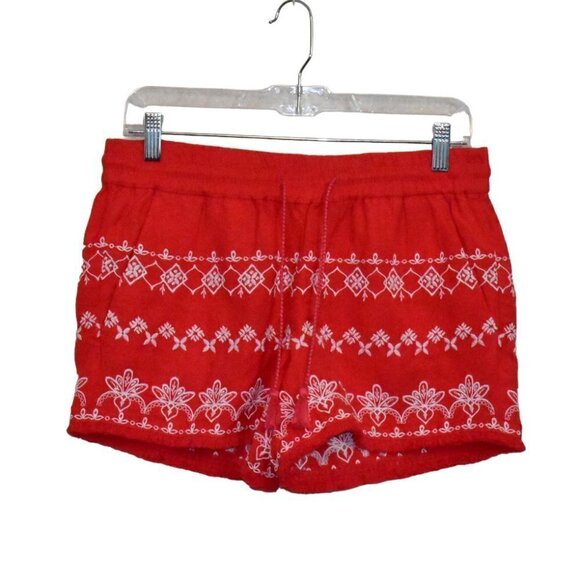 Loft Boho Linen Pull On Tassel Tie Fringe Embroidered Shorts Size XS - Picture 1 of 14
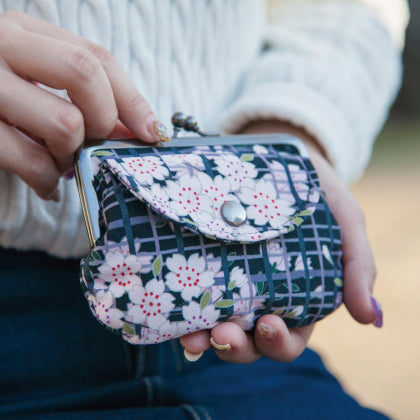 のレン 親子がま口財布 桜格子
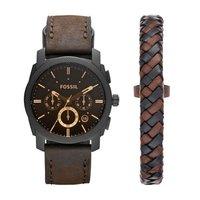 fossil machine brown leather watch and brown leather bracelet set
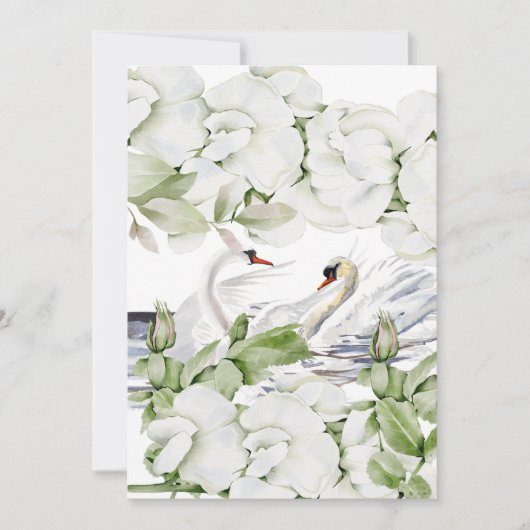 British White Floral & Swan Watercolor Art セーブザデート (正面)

:: WHAT THIS TASK INVOLVES ::
In the data above, find the line containing "のレン 親子がま口財布 桜格子", then output it and every later line exactly, without the pictures.

:: PROBLEM SOLUTION ::
 のレン 親子がま口財布 桜格子
 fossil machine brown leather watch and brown leather bracelet set
 British White Floral & Swan Watercolor Art セーブザデート (正面)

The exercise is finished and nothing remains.